Running and sports that involved running were hard on her hip, so she turned her focus to canoeing. Living in the Seattle area, she said “I just happened to be in one of the few locations in the country where the sport is actually kind of popular.”

Once she mastered staying in the canoe, she started getting better. And then better than that. Her upward trajectory to world champion at 17 was dizzying.

“It was nothing short of crazy,” she said. “I couldn’t really believe it; things were happening so fast.

“I never really had a good understanding when I saw a 16-year-old gymnast competing at the Olympics. I would think, ‘Oh they’re just machines, they’re programmed like that.’ But the reality is, being a teenager in a high-level sport is so scary. You’re still learning about the world, but you’re expected to perform at the same level as women who have been doing it for two decades.”

That has been compounded because Harrison is by far the biggest American star in the sport, the only canoeist or kayaker of either gender to qualify for these Games.

“It’s been crazy to be kind of leading the United States in our sport right now,” she said. “It’s exciting to be that person, but it’s a lot of pressure. It’s hard to represent a whole sport, to have people think of American canoeing and think of me. It’s a huge blessing, but it’s scary sometimes.”

Harrison’s timing is good. Women’s canoeing has been added to the Games for the first time in Tokyo, and her event, the 200 meters, is the individual race that is being contested.

The race, the shortest in canoe/kayak, lasts just about 45 seconds. But it isn’t an all-out dash. “It’s similar to the 400 meters in track,” another event that takes roughly 45 seconds, she said. “It’s a sprint, but there’s a little bit of strategy because you can’t quite go 100 percent for 45 seconds.”

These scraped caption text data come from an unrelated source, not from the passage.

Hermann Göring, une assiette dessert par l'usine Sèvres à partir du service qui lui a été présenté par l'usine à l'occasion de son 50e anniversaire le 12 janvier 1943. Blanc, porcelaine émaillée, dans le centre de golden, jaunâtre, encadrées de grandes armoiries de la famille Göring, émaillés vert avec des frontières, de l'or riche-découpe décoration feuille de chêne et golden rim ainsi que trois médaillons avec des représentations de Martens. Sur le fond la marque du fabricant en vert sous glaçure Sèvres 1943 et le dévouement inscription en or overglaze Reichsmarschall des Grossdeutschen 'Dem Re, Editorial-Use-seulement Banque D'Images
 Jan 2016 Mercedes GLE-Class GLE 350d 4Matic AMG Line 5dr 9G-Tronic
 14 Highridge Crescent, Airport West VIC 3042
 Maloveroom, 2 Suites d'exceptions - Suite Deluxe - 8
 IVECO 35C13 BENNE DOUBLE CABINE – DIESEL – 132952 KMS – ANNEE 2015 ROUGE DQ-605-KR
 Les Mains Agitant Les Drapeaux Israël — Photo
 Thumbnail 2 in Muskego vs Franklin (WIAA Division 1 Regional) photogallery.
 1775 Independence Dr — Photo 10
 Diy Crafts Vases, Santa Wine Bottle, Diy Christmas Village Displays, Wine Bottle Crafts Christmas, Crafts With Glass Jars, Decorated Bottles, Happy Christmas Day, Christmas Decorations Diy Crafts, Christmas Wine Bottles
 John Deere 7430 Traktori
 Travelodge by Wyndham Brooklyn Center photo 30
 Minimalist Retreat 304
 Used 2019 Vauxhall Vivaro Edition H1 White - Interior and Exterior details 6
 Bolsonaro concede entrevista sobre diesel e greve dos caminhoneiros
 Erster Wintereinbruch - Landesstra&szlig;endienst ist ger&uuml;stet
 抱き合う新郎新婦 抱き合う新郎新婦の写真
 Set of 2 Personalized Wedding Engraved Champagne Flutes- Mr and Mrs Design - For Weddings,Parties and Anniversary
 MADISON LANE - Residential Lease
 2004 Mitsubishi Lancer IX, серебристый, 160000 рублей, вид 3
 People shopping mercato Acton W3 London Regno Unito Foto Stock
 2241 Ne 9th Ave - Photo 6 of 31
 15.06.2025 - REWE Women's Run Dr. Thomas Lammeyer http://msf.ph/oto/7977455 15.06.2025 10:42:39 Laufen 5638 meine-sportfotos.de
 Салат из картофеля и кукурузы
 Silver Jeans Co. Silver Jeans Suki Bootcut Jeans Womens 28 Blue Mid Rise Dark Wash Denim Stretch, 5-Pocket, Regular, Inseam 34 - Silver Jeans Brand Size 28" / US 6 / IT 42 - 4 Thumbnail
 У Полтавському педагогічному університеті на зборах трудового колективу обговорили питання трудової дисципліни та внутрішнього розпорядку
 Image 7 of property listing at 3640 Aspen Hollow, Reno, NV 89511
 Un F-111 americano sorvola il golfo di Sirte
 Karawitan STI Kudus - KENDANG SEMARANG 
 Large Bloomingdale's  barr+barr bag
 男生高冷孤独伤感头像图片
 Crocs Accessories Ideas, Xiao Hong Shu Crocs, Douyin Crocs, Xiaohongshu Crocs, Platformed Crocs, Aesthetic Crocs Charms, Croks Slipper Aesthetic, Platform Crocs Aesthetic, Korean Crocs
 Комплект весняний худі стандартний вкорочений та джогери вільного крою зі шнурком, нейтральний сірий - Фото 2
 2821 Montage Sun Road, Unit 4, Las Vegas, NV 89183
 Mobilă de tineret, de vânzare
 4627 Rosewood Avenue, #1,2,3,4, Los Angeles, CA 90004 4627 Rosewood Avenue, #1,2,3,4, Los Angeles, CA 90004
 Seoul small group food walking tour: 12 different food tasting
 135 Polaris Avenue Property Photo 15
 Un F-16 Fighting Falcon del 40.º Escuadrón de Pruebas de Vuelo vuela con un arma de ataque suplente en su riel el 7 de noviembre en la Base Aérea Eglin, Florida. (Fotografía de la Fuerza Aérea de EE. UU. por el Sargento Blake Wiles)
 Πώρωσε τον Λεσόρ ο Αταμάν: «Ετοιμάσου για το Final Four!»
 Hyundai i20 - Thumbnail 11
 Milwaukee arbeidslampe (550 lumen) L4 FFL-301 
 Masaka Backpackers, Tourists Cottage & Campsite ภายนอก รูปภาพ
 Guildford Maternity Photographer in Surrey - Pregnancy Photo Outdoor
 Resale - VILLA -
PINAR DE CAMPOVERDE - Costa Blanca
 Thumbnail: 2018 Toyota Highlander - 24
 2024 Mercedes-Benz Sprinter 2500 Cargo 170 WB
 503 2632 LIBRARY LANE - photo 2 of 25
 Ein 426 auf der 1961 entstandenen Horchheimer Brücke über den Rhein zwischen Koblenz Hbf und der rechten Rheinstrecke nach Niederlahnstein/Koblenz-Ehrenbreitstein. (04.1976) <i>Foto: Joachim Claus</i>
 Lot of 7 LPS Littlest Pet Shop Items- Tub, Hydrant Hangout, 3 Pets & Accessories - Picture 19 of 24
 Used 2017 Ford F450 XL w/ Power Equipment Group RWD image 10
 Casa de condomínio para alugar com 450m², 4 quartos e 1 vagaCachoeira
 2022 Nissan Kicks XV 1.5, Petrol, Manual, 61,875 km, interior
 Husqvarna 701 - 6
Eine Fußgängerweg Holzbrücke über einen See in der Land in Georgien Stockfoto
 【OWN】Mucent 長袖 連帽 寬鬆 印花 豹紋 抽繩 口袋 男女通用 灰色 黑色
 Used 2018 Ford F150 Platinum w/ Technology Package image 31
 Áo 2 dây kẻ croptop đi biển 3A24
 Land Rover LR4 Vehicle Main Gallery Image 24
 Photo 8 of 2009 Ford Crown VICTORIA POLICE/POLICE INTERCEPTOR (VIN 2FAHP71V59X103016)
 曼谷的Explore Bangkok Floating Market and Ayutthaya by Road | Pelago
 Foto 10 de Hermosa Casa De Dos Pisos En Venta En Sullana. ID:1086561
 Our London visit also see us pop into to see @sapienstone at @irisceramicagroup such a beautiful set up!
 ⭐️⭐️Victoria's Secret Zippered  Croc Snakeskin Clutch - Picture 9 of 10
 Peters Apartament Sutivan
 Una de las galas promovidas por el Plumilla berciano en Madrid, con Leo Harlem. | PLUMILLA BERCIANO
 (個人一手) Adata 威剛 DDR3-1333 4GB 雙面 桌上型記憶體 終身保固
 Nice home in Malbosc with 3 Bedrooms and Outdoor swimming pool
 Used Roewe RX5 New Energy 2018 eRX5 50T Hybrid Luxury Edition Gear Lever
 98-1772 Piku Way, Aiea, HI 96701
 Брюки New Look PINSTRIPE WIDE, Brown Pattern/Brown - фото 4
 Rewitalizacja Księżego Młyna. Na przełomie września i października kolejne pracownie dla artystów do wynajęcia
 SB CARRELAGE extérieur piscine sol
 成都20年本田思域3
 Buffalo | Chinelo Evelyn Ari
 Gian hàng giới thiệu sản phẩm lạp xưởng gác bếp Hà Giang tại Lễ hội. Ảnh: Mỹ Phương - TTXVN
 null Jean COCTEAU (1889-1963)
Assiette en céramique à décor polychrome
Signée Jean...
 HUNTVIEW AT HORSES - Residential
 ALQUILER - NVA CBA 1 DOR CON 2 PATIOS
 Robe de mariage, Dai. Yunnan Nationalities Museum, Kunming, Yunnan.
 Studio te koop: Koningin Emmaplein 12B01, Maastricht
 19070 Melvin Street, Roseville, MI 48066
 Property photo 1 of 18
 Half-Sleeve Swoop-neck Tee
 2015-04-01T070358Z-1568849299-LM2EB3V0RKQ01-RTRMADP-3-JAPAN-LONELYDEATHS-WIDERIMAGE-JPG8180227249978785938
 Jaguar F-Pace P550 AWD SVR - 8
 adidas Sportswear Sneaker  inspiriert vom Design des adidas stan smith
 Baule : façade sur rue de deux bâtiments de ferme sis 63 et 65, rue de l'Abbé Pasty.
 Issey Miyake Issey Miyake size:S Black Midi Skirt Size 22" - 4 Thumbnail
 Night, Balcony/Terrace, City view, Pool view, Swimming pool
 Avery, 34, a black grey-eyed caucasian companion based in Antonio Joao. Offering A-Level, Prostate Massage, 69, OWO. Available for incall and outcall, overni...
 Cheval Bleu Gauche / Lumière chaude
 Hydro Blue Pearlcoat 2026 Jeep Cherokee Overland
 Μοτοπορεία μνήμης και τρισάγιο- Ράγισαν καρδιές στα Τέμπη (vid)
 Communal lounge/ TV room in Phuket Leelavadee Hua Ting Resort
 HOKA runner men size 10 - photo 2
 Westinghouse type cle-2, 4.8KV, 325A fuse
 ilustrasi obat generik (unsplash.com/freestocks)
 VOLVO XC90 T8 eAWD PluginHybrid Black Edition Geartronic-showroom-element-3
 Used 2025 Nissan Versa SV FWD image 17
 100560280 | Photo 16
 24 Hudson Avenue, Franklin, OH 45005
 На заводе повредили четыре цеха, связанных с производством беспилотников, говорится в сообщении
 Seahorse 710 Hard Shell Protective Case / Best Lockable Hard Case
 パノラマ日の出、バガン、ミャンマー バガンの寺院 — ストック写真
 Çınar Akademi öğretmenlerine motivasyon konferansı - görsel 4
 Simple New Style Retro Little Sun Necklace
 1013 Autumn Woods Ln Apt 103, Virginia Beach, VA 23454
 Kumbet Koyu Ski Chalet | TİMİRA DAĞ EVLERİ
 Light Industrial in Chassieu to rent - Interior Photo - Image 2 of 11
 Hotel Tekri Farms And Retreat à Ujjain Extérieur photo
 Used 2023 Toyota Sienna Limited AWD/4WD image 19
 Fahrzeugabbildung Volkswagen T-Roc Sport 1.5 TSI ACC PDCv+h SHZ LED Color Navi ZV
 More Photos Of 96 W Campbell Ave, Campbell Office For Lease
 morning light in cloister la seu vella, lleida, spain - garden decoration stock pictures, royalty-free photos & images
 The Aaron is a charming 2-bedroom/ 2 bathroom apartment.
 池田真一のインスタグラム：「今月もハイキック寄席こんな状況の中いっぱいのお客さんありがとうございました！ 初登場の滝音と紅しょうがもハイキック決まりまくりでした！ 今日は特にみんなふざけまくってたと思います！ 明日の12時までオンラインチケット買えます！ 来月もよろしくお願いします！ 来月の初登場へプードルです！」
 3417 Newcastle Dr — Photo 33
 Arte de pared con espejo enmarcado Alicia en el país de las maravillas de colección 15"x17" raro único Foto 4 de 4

“People have different strategies,” Harrison said. “I tend to go really hard for the first 50, the second 50 just try to keep it up and try to stay ahead (if I am ahead), and then in the last 100 build up to top speed.

“Some athletes pretty much have no race plan and just go all out, but I do think it’s most beneficial to have some sort of a plan.”

While power and muscle are important, technique is a huge part of canoeing.

“It’s incredibly technical,” Harrison said. “We have to figure out how to steer by only paddling on one side. There’s how far you want to reach with your blade, what time you exit. You have to coordinate your hips and the rest of your body.”

“That’s a huge thing that the U.S.A. lacks,” she said. “We don’t have that deep base of the sport where you can learn how the old paddlers used to do technique. It comes from YouTube for a lot of us.”

Harrison will begin her Games on Wednesday. Assuming all goes well in the first three rounds of the 200 meters, she will line up for the final on Thursday. About 45 seconds later, someone will be an Olympic canoeing champion. It might well be a 19-year-old American who not that many years ago was mostly just thinking about not falling into the lake.